The Bottom Line on Things to be Aware of!

Real estate agents may be colluding to rip you off

A Windermere Real Estate Co. Inc. "Sold" sign stands outside of a home in Seattle, Washington, U.S., on Tuesday, Nov. 19, 2013.
A new study shows that brokers who charge lower commissions are punished in the marketplace.
Navigating the real estate market can be tough for the average joe, but you might be surprised to find that economists find it confounding too.
The profession has long puzzled over the question of why commissions in the United States are so much higher than elsewhere in the developed world. Economists George Akerloff and Robert Shiller hypothesize in their upcoming book, Phishing for Phools, that the market hasn’t driven down the price of commissions—which average 6% or more than $14,000 for an existing home—because home buyers tend to be very inexperienced.
They point out that by the time the typical American turns 60, there’s an 80% chance that he owns his own home. The statistics also show that Americans stay in their homes for a long time—24 years on average. Akerloff and Shiller write, “These two numbers mean that a significant majority of Americans buy at least one home in their lifetimes; they also mean that the purchase of a home, for most of us is quite infrequent.”

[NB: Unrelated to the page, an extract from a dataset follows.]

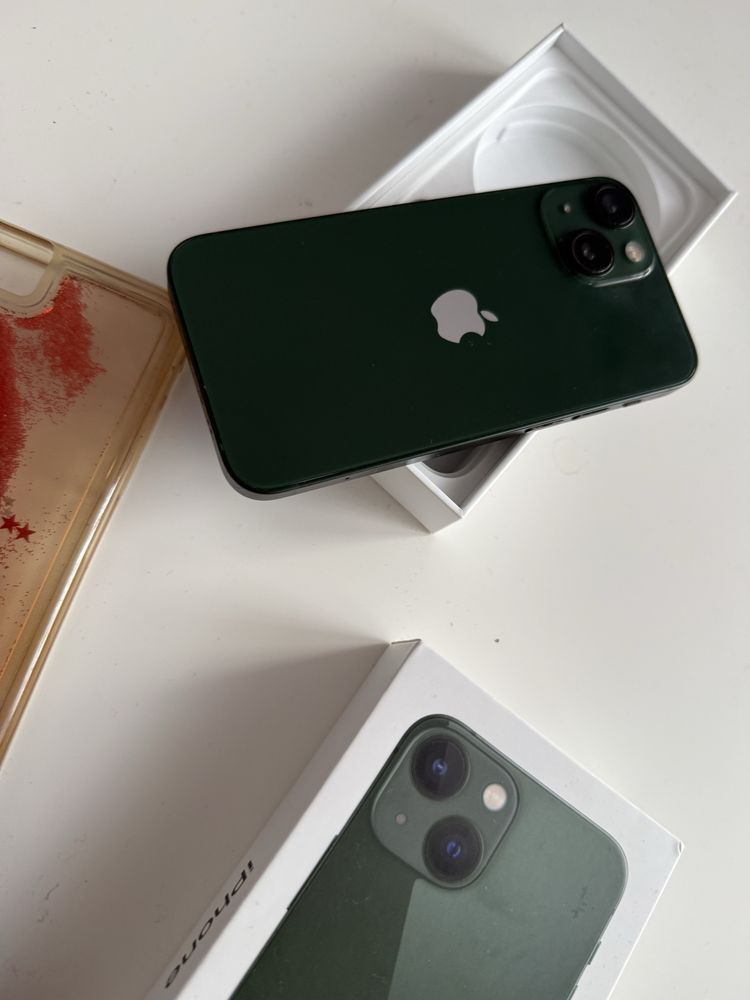 iPhone 13 mini 100% sprawny bdb stan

That means that most people aren’t hiring real estate agents and brokers more than once or twice in their lives, making them uniquely incapable to gauge the quality of what their buying. But there may be another reason why commissions in America are so much higher than elsewhere in the world: good old-fashioned collusion.
That’s the claim made in a new working paper published Monday by the National Bureau of Economic Research. Economists Panle Jia Barwick, Parag A. Pathak, and Maisy Wong studied realtor commissions of 653,475 residential listings in eastern Massachusetts from 1998-2011 to determine why commissions in the residential brokerage industry are, “relatively uniform despite low entry barriers and advances in technology that have reduced search costs for buying and selling properties.”
They hypothesized that this was because of the fairly unique nature of the residential real estate market, in which sellers of real estate pay both the commissions for their listing agent and that of the buyer’s agent. Given this arrangement, it’s necessary for buyer’s agents and lister’s agents to cooperate to make a sale. Given this arrangement, it’s possible that dominant brokers in the industry could refuse to work with upstart competitors who are setting their commissions too low.
And when they looked at the data, they found that brokers charging commissions of less than 2.5% were in fact discriminated against. They write:
Consistent with real estate agents steering buyers to properties with high commissions, we find that if a property has a buying commission rate less than 2.5%, it is 5% less likely to be sold and takes 12% longer to sell.
This isn’t the first time economists (or regulators) have scrutinized the highly cooperative nature of the real estate brokerage industry. But a 2008 settlement between the Justice Department and the National Association of Realtors did nothing to ban this practice. Perhaps it’s time for regulators to take another look.